Monitoring in the Kubernetes era
This post is Part 1 of a 4-part series about Kubernetes monitoring. Part 2 explores Kubernetes metrics and events you should monitor, Part 3 covers the different ways to collect that data, and Part 4 details how to monitor Kubernetes performance with Datadog.
What is Kubernetes?
Docker and other container technologies are currently taking the infrastructure world by storm. Ideal for microservice architectures and environments that scale rapidly or have frequent releases, Docker has seen a rapid increase in usage over the past two years. But containers introduce significant, unprecedented complexity in terms of orchestration. That’s where Kubernetes enters the scene.

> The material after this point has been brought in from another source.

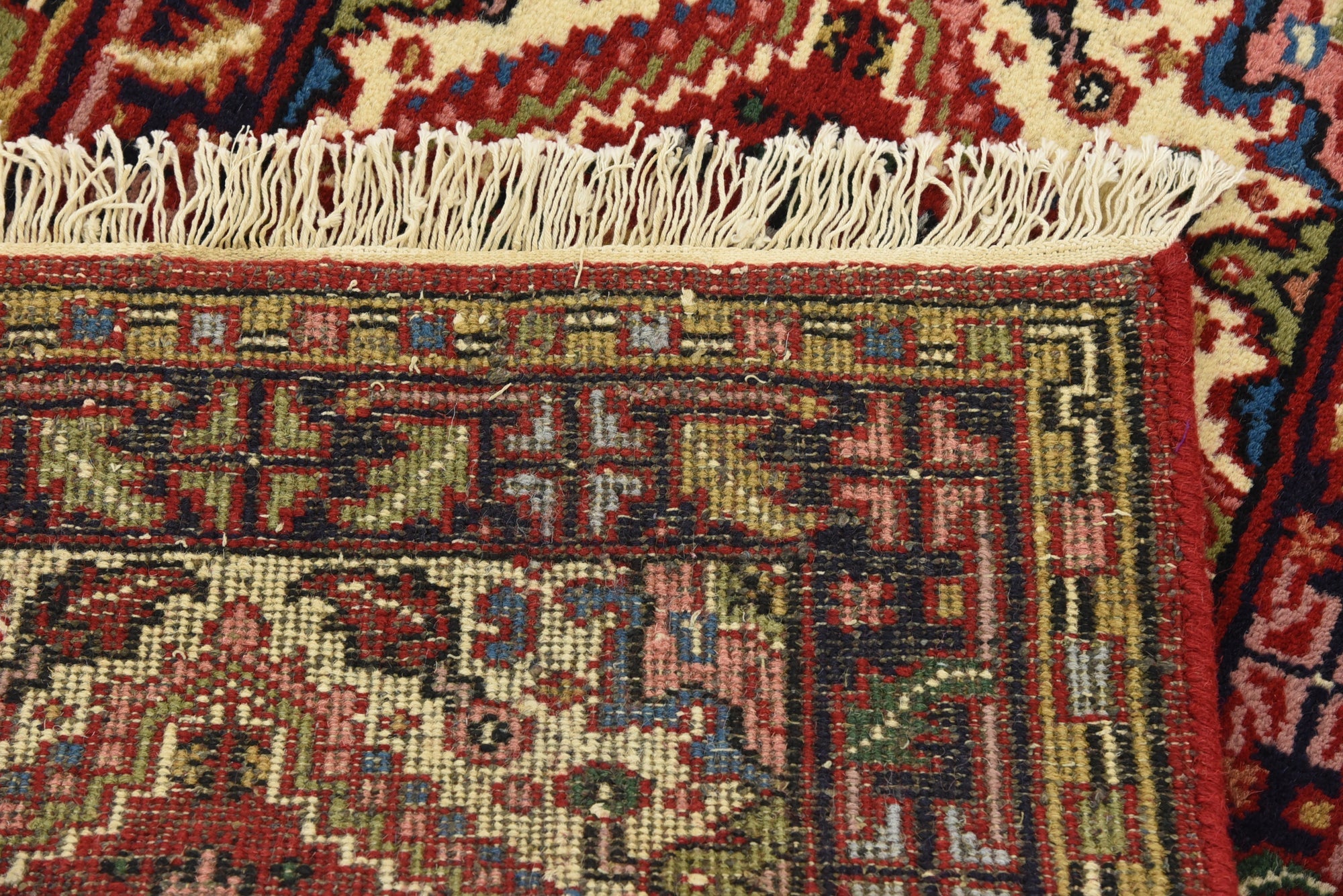 2' 5 x 4' 7 Hand Knotted Heriz Oriental Wool Rug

Kubernetes is an open source system, launched by Google, that automates the deployment, management, and scaling of containers running service-oriented applications. Many well-known partners such as Red Hat, CoreOS, VMWare, and Meteor are supporting Kubernetes development, and it is now part of the Cloud Native Computing Foundation.
Just like a conductor directs an orchestra, telling the musicians when to start playing, when to stop, and when to play faster, slower, quieter, or louder, Kubernetes manages your containers—starting, stopping, creating, and destroying them automatically to run your applications at optimal performance. Kubernetes distributes containerized applications across clusters of nodes, and automates their orchestration via:
- Container scheduling
- Health checking and recovery
- Replication to ensure uptime
- Internal network management for service naming, discovery, and load balancing
- Resource allocation and management
Kubernetes can deploy your containers wherever they run, whether in AWS, Google Cloud Platform, Azure, or in on-premise or hybrid infrastructure.

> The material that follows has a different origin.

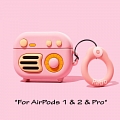 Cute ピンク Retrosound | Airpod Case | Silicone Case for Apple AirPods 1, 2, Pro コスプレ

Kubernetes has traditionally been used to manage Docker containers, but support for the rkt container runtime was added with Kubernetes version 1.3. That release also dramatically improved Kubernetes’s auto-scaling functionality.
Kubernetes has already been adopted by large companies such as eBay, Lithium, Samsung, Jive, and SoundCloud.

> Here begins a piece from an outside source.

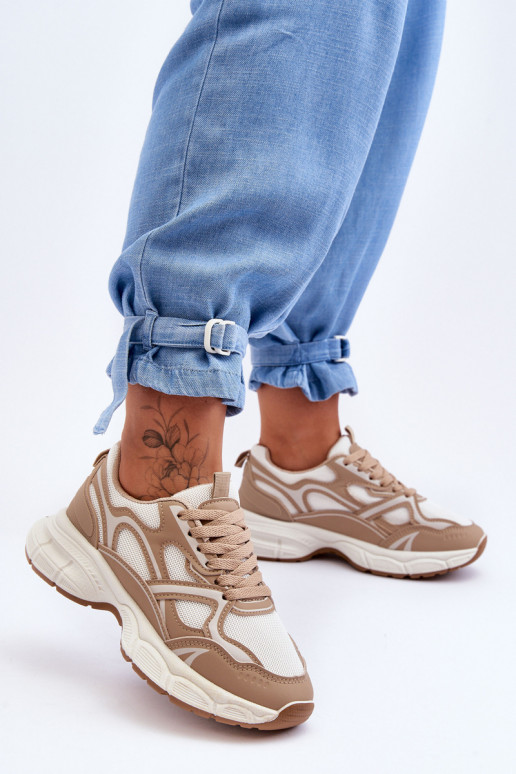 chaussures de sport Contiro beiges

How Kubernetes works behind the scenes
Kubernetes adds a higher level of abstraction to containerized components thanks to pods, which facilitate resource sharing, communication, application deployment and management, and discovery. Pods are the smallest deployable units that can be created, scheduled, and managed with Kubernetes.
Each pod contains one or several containers on which your applications are running. Containers inside the same pod are always scheduled together, but each container can run a different application. The containers in a given pod run on the same host; share the same IP address, port space, context, and namespace (see below); and can also share resources like storage.
Nodes, clusters, and namespaces
Pods run on nodes (formerly called minions), which are virtual or physical machines, grouped into clusters. A cluster of nodes has at least one master. It is actually recommended to have more than one master for production environments in order to ensure high availability.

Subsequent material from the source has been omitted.